#### Task to carry out:
Only lines, not pictures: please repeat exactly the lines from the one with "Disc information, About" through the end of the listing.

[Data shown Boundary: Start]

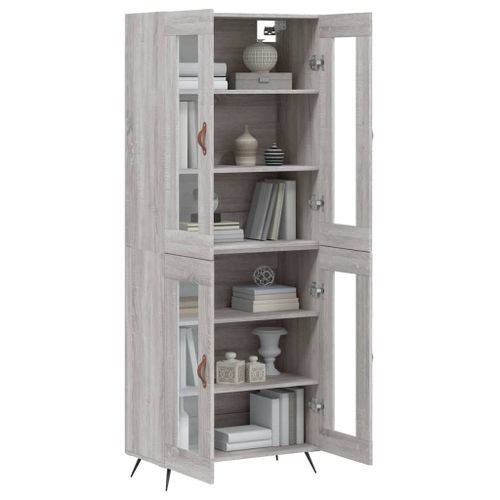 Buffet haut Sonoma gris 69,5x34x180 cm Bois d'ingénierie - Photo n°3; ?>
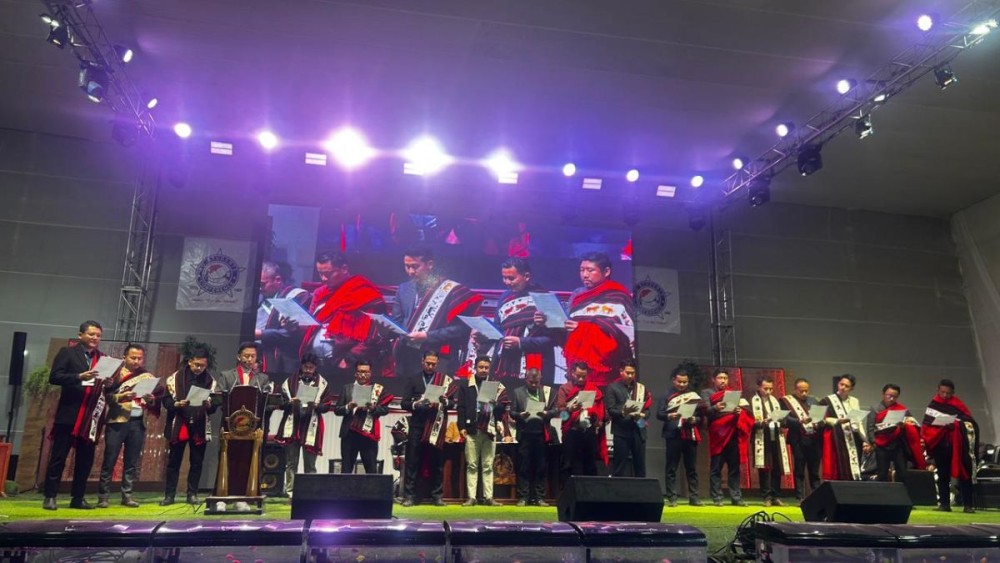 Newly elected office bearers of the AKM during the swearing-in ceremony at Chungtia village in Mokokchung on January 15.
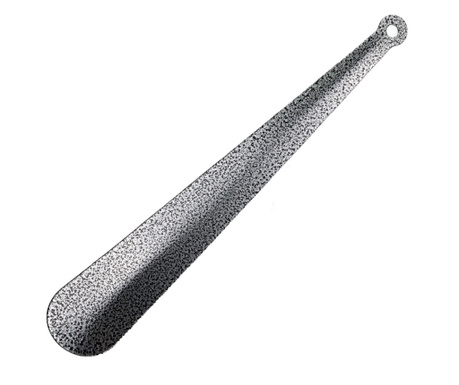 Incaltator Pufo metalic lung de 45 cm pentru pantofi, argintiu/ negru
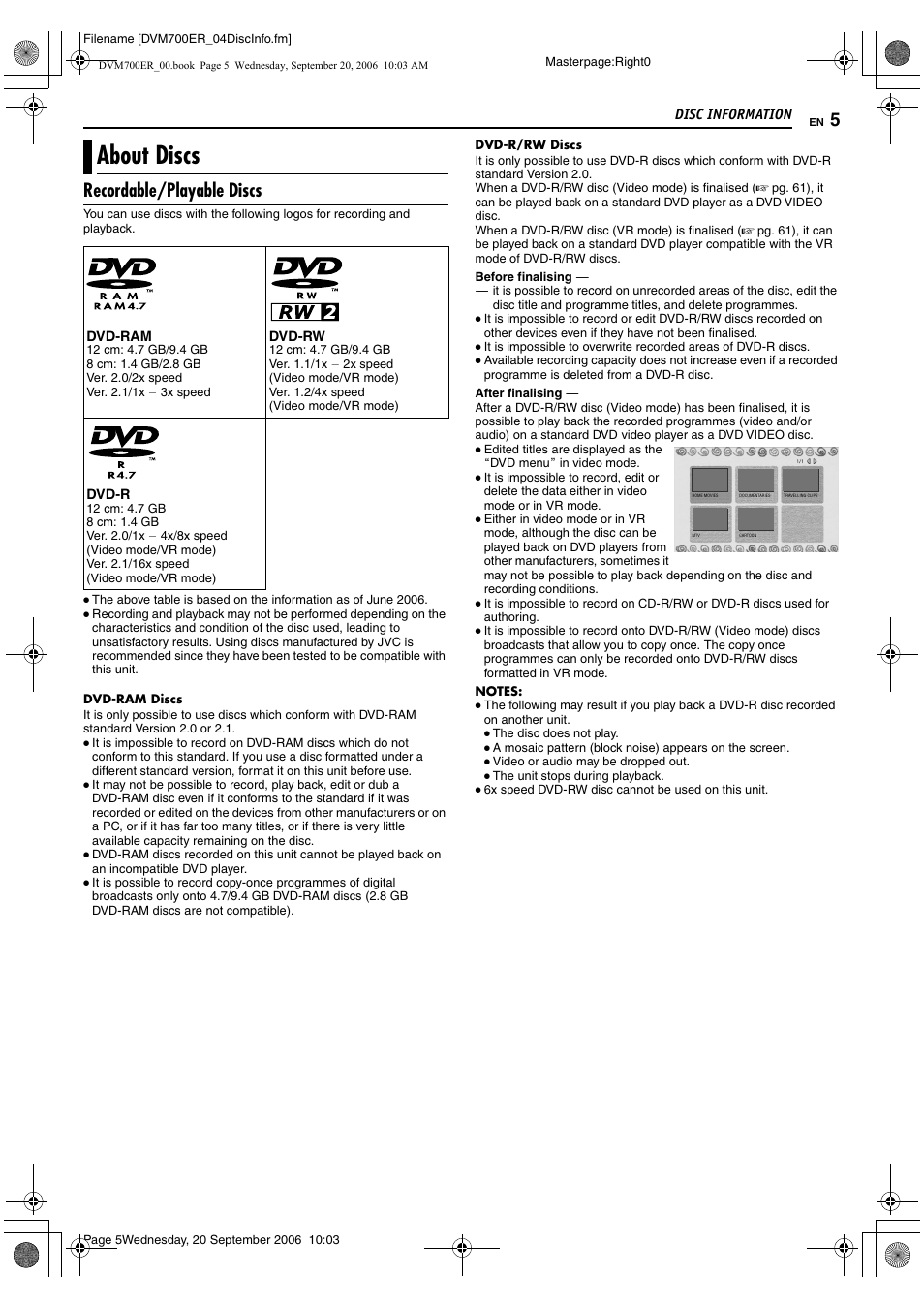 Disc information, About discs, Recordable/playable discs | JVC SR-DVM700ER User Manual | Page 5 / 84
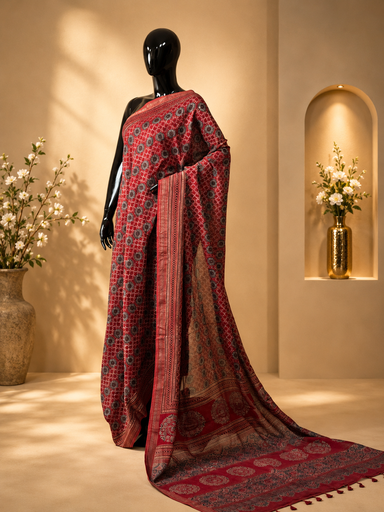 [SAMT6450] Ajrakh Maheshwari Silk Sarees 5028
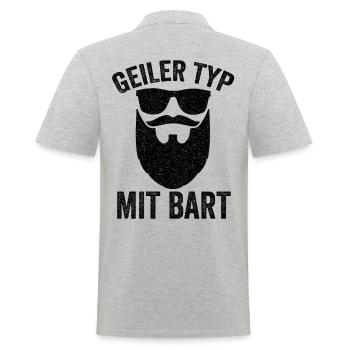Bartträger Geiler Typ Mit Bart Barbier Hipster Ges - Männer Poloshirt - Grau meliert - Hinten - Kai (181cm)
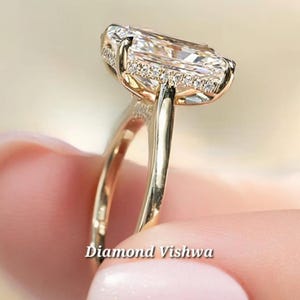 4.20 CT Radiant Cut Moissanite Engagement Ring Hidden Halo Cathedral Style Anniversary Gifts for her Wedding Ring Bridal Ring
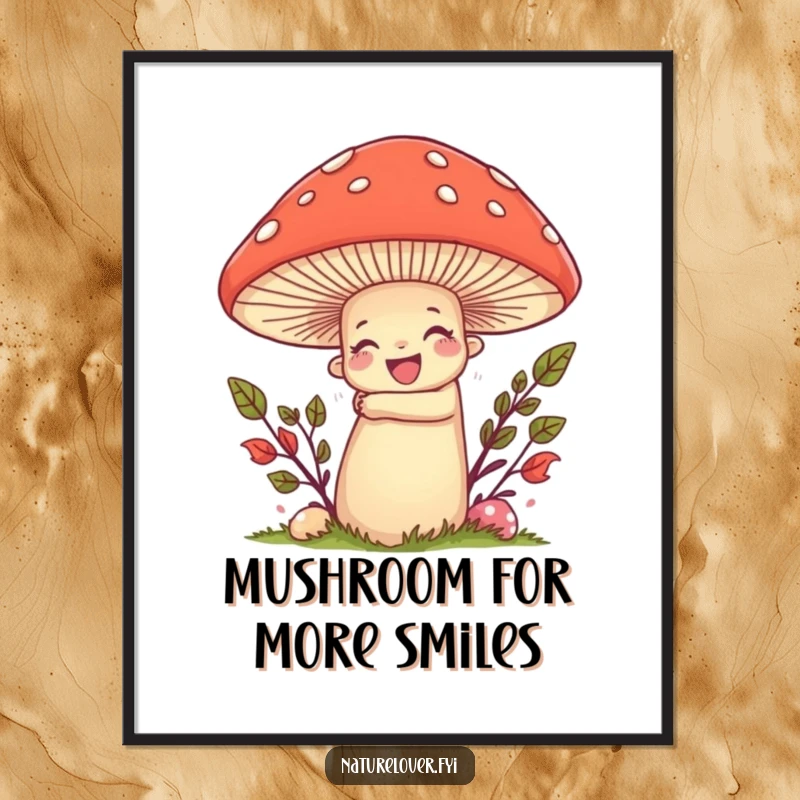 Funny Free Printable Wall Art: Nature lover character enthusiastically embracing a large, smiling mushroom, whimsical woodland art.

[Data shown Boundary: End]

#### Answer area:
 Disc information, About discs, Recordable/playable discs | JVC SR-DVM700ER User Manual | Page 5 / 84
 [SAMT6450] Ajrakh Maheshwari Silk Sarees 5028
Bartträger Geiler Typ Mit Bart Barbier Hipster Ges - Männer Poloshirt - Grau meliert - Hinten - Kai (181cm)
 4.20 CT Radiant Cut Moissanite Engagement Ring Hidden Halo Cathedral Style Anniversary Gifts for her Wedding Ring Bridal Ring
 Funny Free Printable Wall Art: Nature lover character enthusiastically embracing a large, smiling mushroom, whimsical woodland art.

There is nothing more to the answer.